Is it possible to get a confidence value for the tesseract OCR result?

7,857 views
Skip to first unread message

caro

unread,
Jul 9, 2010, 5:01:49 AM7/9/10
to tesseract-ocr
I am working with tesseract OCR and I would like to get at the end of
the algorithm a confidence value which may express if the recognition
seems OK or not really.

For example, I have an image with the text: TEST RESULTS ARE OK.
Depending on a threshold value, I can get different output of the OCR:
- TEST RESSUTTS AKE OC
- TEST TELLUTTS ARE OB
....
The best threshold can be different for different images.
So if I can get this confidence value, maybe it can give me the best
theshold to choose for the OCR?

Thank you for your help,
Caroline

patrickq

unread,
Jul 9, 2010, 11:55:30 AM7/9/10
to tesseract-ocr
TesserractExtractResult() returns the confidence numbers for all
characters returned. A high number means low confidence. Caveats:
1. The confidence numbers are the same for all letters in a word (even
though Tesseract does compute confidence numbers for each letter, it
just doesn't return them to the API)
2. From personal experience, these numbers are not very reliable and
we decided not to use them - but feel free to test yourself, we gave
up fairly quickly.

Patrick

Jimmy O'Regan

unread,
Jul 9, 2010, 12:28:33 PM7/9/10
to tesser...@googlegroups.com
On 9 July 2010 16:55, patrickq <patrick.q...@gmail.com> wrote:
> TesserractExtractResult() returns the confidence numbers for all
> characters returned. A high number means low confidence.

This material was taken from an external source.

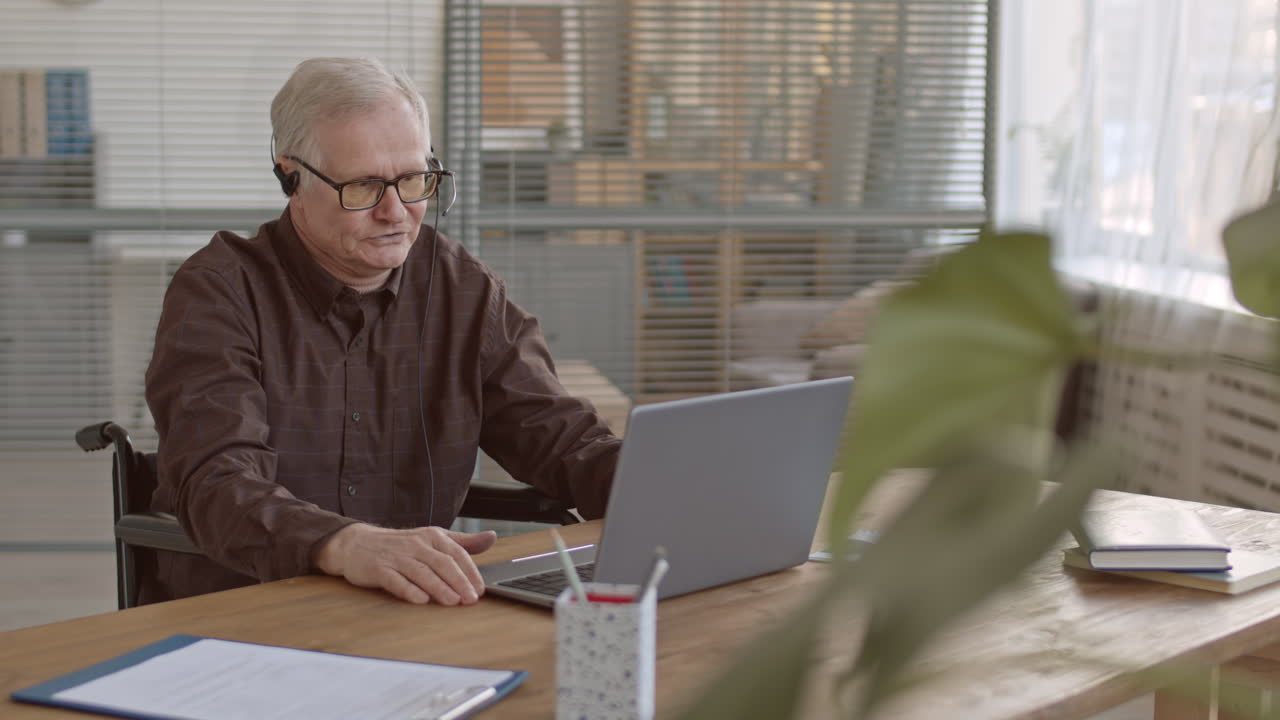 Senior Businessman Video Conferencing in Office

Caveats:
> 1. The confidence numbers are the same for all letters in a word (even
> though Tesseract does compute confidence numbers for each letter, it
> just doesn't return them to the API)
> 2. From personal experience, these numbers are not very reliable and
> we decided not to use them - but feel free to test yourself, we gave
> up fairly quickly.
>

Right; if I could sketch this on some paper it might be a bit more
clear, but I can't so I'll try to describe it...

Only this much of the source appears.